Louis Vuitton Packaging:
Mustard paper with a vibrant blue contrast colored handle and the black logo centered vertically and horizontally.

Burberry Packaging:
Textured uncoated brown paper with an exact match brown angle cut ribbon and black foil logo centered horizontally and raised 1/3 the height of the packaging vertically.

Many luxury brands allow their logos to be the focal point by contrasting it against large fields of matte-finished papers. They also create a tactile interaction between handles, paper stocks, and how the logo is applied to their packaging by either embossing, foil stamping, or silk screening. 

It’s just as important to recognize what you are seeing and what you are not seeing. You are not seeing wild combinations of colors and eccentric sizes and structural packaging. Luxury is reserved and concise. What you don’t say with the latest packaging structures and print processes you say with quality materials and detailed manufacturing.

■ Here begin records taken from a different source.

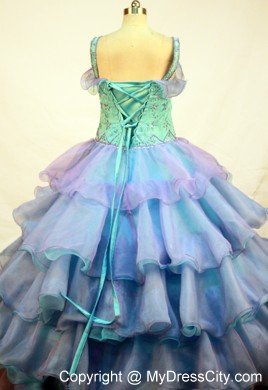 Colorful Ball Gown Straps Little Girl Pageant Dress with Beading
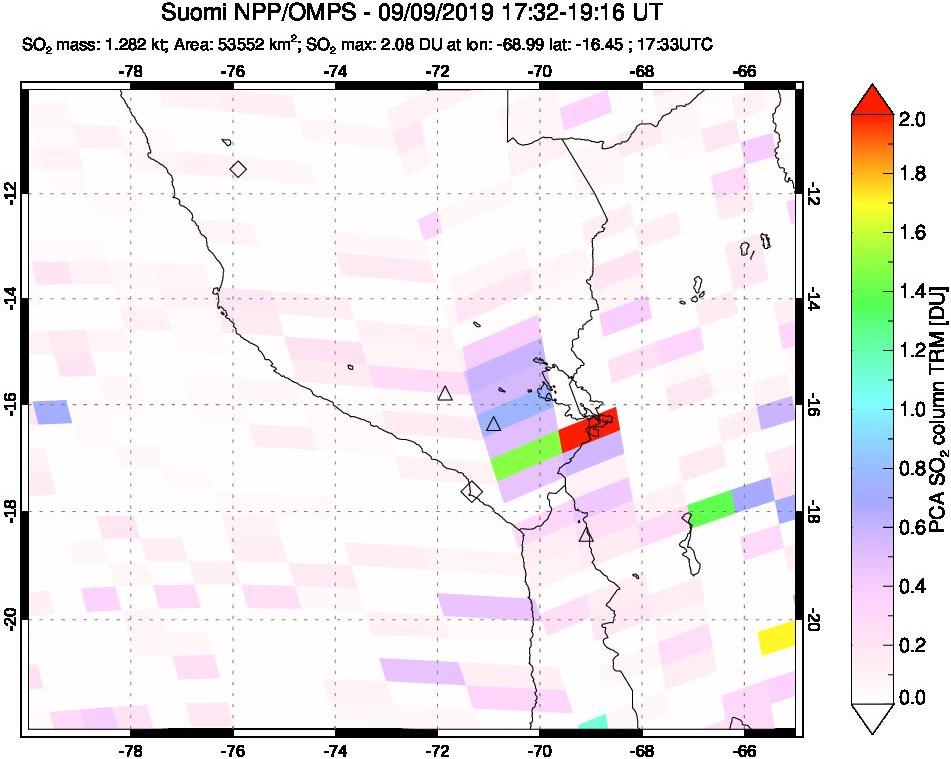 A sulfur dioxide image over Peru on Sep 09, 2019.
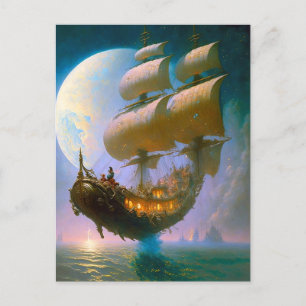 Flying Ship Fantasy Art Postcard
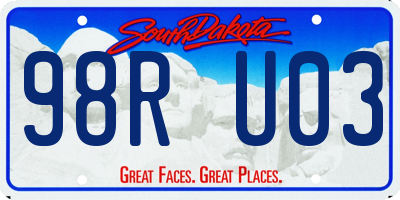 SD license plate 98RU03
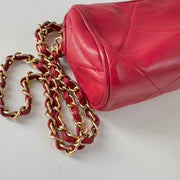 Chanel Vintage Diamond CC Barrel Bag Quilted Mini Red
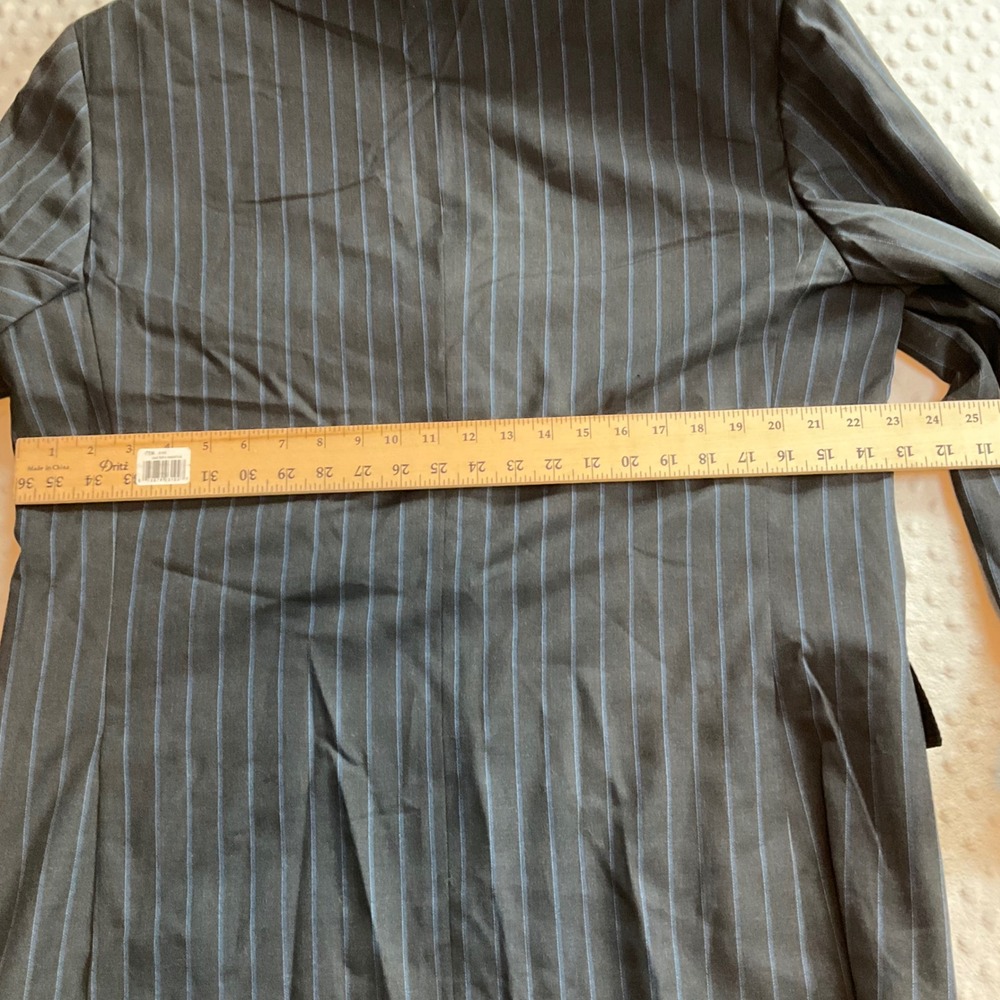 Faconnable Blazer Mens 42 Black Blue Pinstripe 100% Wool Tailored In Italy - Picture 7 of 7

Step 5: Design Packaging for Luxury Production

Once you design packaging and it’s approved, make it real. Choosing your packaging partner is just as critical as choosing the size of your logo. Transparency in the manufacturing process is necessary to make sure every detail of the packaging is being combed over, reviewed, and approved throughout the mass production process. 

Pre-production samples are provided early in the production process to confirm all details like fit, function, material, and production quality. It’s also important at this stage to test your packaging samples with the product, test it at the cash wrap counter to make sure it works with your staff, your behind the counter storage, and even test it with consumers. 

Design aspects you want to be critical of include depth of embossing or deboss, cracking of paper around scores or folds, rubbing of color, and art alignment. Having a guaranteed quality control and quality assurance program in place with your manufacturer will save you time and money.

Choosing a factory-direct packaging partner allows you on-the-floor factory access to your production. Working with International Direct Packaging guarantees a 100% QC/QA process, which means that every item is reviewed and approved before being packed in master cartons with team leader documentation for every order. 

Packaging design and engineering if a huge undertaking, more than we can cover in 5 steps. But these 5 steps are a great starting point for anyone wanting to begin to understand what it takes to design luxury retail packaging.

As a buyer of packaging, you know it’s not always about the lowest cost, but about the right partner. Understanding how to design luxury packaging can prepare you to ask the right questions and create packaging that means business.